How much does the fruit concentrate cost in $1$ liter of fruit juice? In a factory, $1$ liter of fruit juice contains water cost, fruit concentrate cost and packing cost. 


*

*There's fruit concentrate $\%25$ of water in the fruit concentrate and water mixture. 

*Water cost equals $\%30$ of  fruit concentrate cost. 

*Packing cost is $0.32\$$
If you sell $1$ liter of fruit juice with the price of $2.4\$$ which gives $\%100$ of profit, How much does the fruit concentrate cost in $1$ liter of fruit juice? 

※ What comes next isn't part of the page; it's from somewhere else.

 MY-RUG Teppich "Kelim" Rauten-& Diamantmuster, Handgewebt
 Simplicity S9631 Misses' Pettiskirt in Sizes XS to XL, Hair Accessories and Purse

Let's recall $F =$ fruit concentrate cost, $W = $ Water cost and $P= $ packing cost,
$$W + F + \underbrace{P}_{0.32} = 1.2$$
Which yields
$$W + F = 0.88$$

Water cost equals $\%30$ of  fruit concentrate cost. 

$$W = \dfrac{30}{100}F$$
Then we have that
$$F + \dfrac{30}{100}F = 0.88 \implies F = 0.67692$$
I can't think of any way to proceed right now. 
Regards!
 A: If one liter of juice sells for $\$2.40$ at $100\%$ profit then the cost is $\$1.20$. Subtracting the $\$0.32$ cost of packaging, the concentrate and water costs $\$0.88$.
The water to concentrate cost ratio in the juice is $1:(\frac{20\%}{80\%}\cdot \frac{100\%}{30\%}) = 1:\frac{5}{6}$ or $6:5$
The water in one liter of juice costs $\frac{6}{11}\cdot 0.88 = 48$ cents 
The concentrate in one liter of juice costs $\frac{5}{11}\cdot 0.88 = 40$ cents
A: You are correct up to the point where you compute that the cost of the water plus the cost of the fruit concentrate is $88$ cents in a liter of the product.
The sentence "There's fruit concentrate %25 of water in the fruit concentrate and water mixture," is rather awkward.  I guess it means that the amount of fruit concentrate in the mixture is $25\%$ of the amount of fruit concentrate, or that a liter of the product contains $200$ ml of fruit concentrate and $800$ ml of water.  
Let $x$ be the cost of a liter of fruit concentrate.  A liter of water costs $30\%$ of this or $.3x.$  Since we only have $20\%$ of a liter of fruit concentrate in a liter of mixture, the cost of the concentrate is $.2x.$ 
Also, we have $80\%$ of a liter of water, so the cost of the water is $.8(.3x)=.24x$ Then the cost of the concentrate and water in a liter of product is$$
.2x +.24x=.44x$$ 
Since we've already determined that the cost of the of the water and concentrate is $88$ cents we have $$
.44x=88\implies x=200\text{ cents}$$
EDIT
I misread the question.  I thought we were looking for the cost of a liter of fruit concentrate, but it's actually the cost of the amount of fruit concentrate in a liter of the mixture.  That's $20\%$ of $200$ cents or $40$ cents.